Description
Susan Yuzna’s new collection of poetry builds on the success of her 1995 Akron Poetry Prize winner, Her Slender Dress, which won the Poetry Society of America’s Norma Farber First Book Award. The new poems speak in a voice recognizably Yuzna’s, though now deepened and darkened with a quickening twist of mordant humor.
Feisty or contemplative, in Eden or on the mean streets, these poems look at the long tradition of women struggling towards fulfillment. Using figures mythical and real, from Venus to Billie Holiday, Yuzna explores the links that exist between the physical transformations unique to female experience and their spiritual and emotional epiphanies.
Encompassing these themes is the paradox of poetry: though a small thing, a “pale bird,” it is also a source of passion and power, “spouting fire,” strong enough to lift us beyond the commonplace, to change daily experience into moments when we recognize the presence of the extraordinary.

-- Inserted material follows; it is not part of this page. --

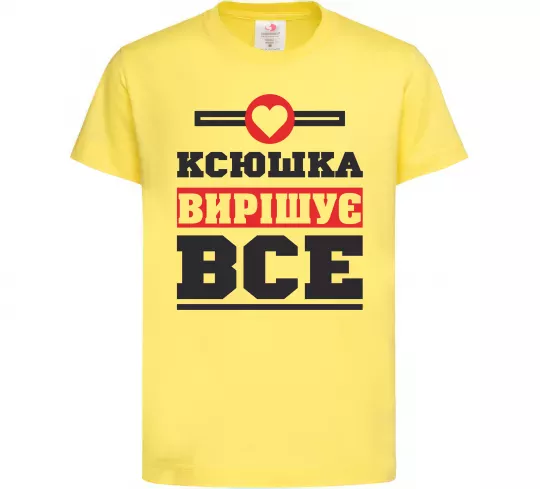Детская футболка Ксюшка вирішує все Лимонный фото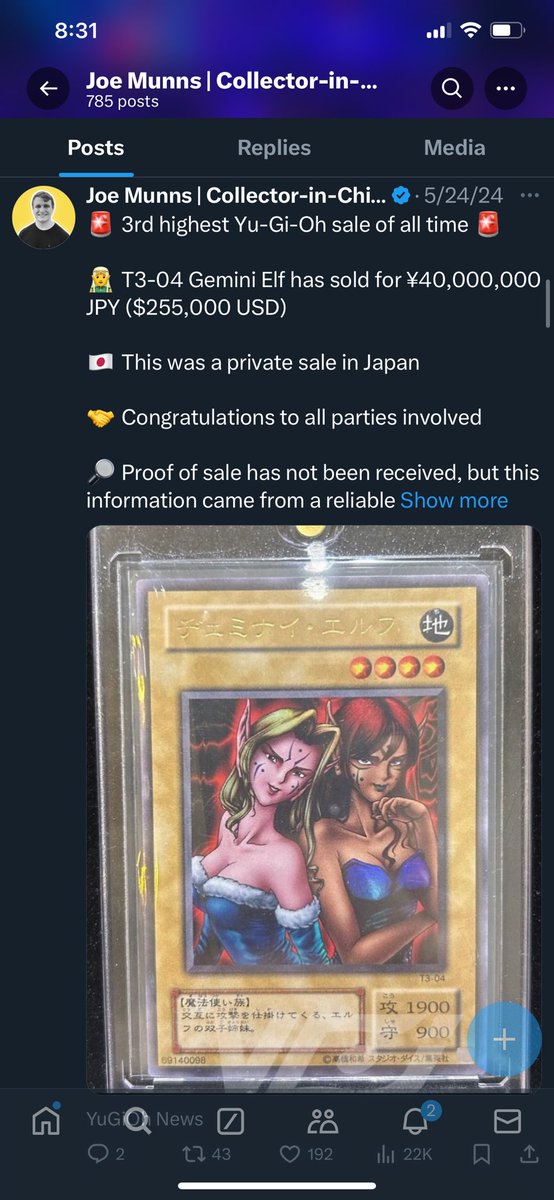 sunkis2007's tweet photo. Should buy it back in the day, I heard the leak copy got sold 250k usd that crazy 🤪 was around 20-30k usd back in the day lol https://t.co/pI6GyWrSaS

Susan Yuzna’s poems have attitude, they refuse to look away from the exigencies of contemporary womanhood: ‘This is a mother speaking’, she tells us, straight out, or ‘I’m getting old and I’m going to play cards with Venus and cheat. Got a problem with that?’ Her voice is honest, direct, passionate, forged by the need to break into utterance. Poems like ‘Golden Gate,’ ‘The Telephonist,’ and ‘Her Name Was Becky’ are among the finely wrought poems here, her delicate tracery of image joined to a fiery vision, like Blake’s, of savage intensity.